## [PROBLEM TO SOLVE]
Quote the lines of the data below verbatim, beginning at the line that contains "6 x Echinacea" and ending at the last line, both included, and excluding pictures.

(Image-caption web data)
========================

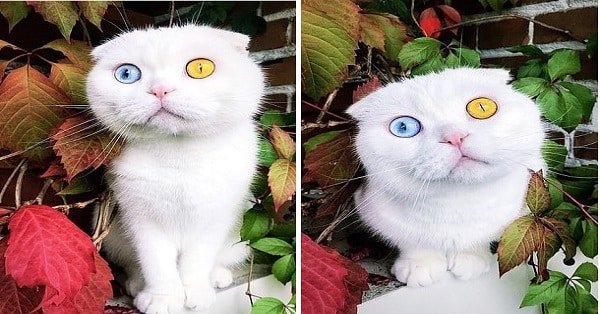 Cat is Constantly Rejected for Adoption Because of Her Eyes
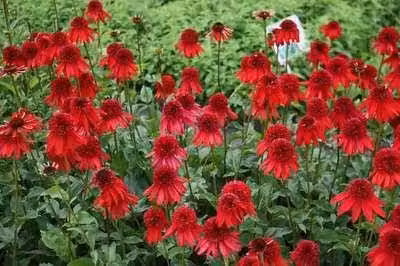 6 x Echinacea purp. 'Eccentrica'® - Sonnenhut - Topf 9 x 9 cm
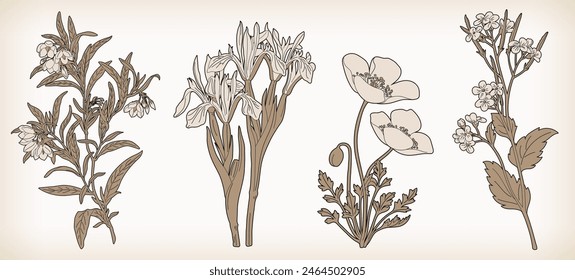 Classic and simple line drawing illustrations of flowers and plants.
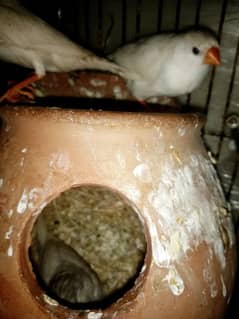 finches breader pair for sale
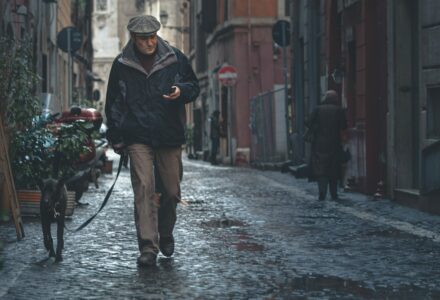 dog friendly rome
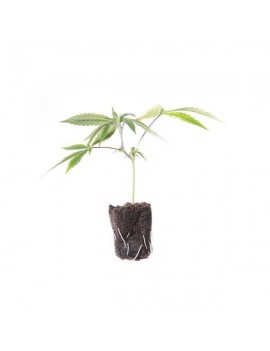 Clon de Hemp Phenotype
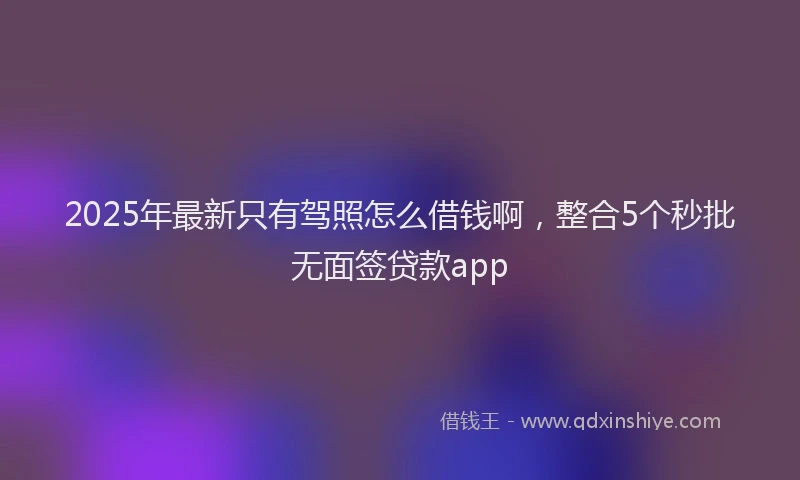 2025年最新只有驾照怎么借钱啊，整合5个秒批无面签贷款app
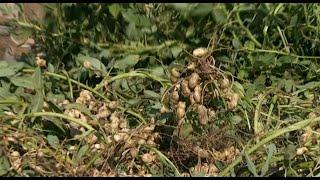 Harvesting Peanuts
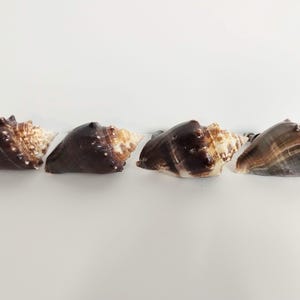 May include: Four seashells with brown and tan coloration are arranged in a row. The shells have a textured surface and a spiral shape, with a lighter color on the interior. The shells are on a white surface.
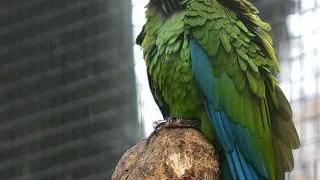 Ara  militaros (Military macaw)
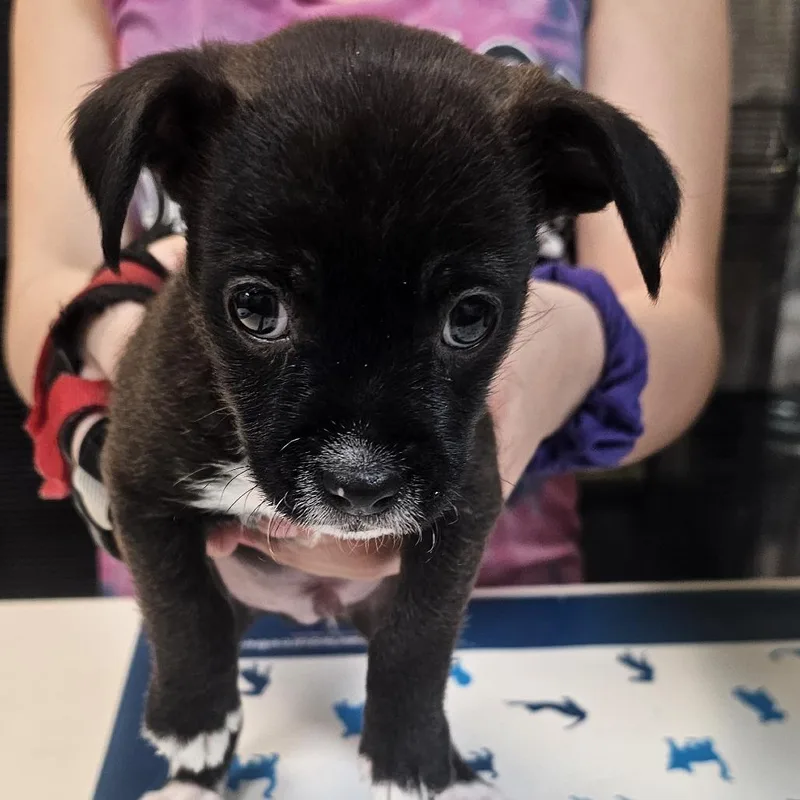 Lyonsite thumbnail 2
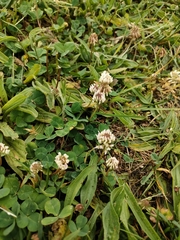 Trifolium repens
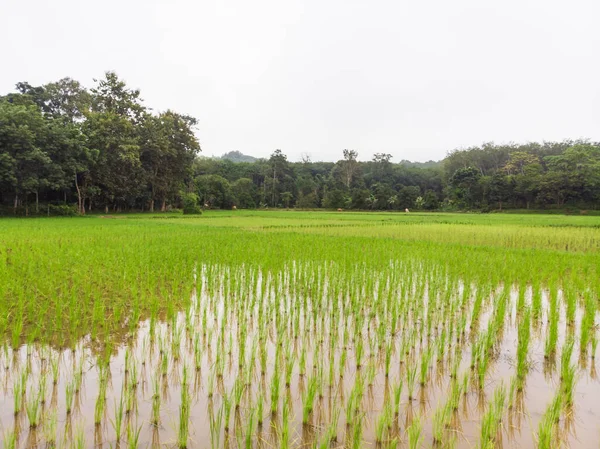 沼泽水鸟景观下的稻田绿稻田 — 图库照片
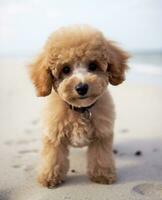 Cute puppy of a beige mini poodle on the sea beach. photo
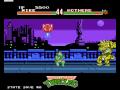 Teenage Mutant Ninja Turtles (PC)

========================

## [RESPONSE]
 6 x Echinacea purp. 'Eccentrica'® - Sonnenhut - Topf 9 x 9 cm
 Classic and simple line drawing illustrations of flowers and plants.
 finches breader pair for sale
 dog friendly rome
 Clon de Hemp Phenotype
 2025年最新只有驾照怎么借钱啊，整合5个秒批无面签贷款app
 Harvesting Peanuts
 May include: Four seashells with brown and tan coloration are arranged in a row. The shells have a textured surface and a spiral shape, with a lighter color on the interior. The shells are on a white surface.
 Ara  militaros (Military macaw)
 Lyonsite thumbnail 2
 Trifolium repens
 沼泽水鸟景观下的稻田绿稻田 — 图库照片
 Cute puppy of a beige mini poodle on the sea beach. photo
 Teenage Mutant Ninja Turtles (PC)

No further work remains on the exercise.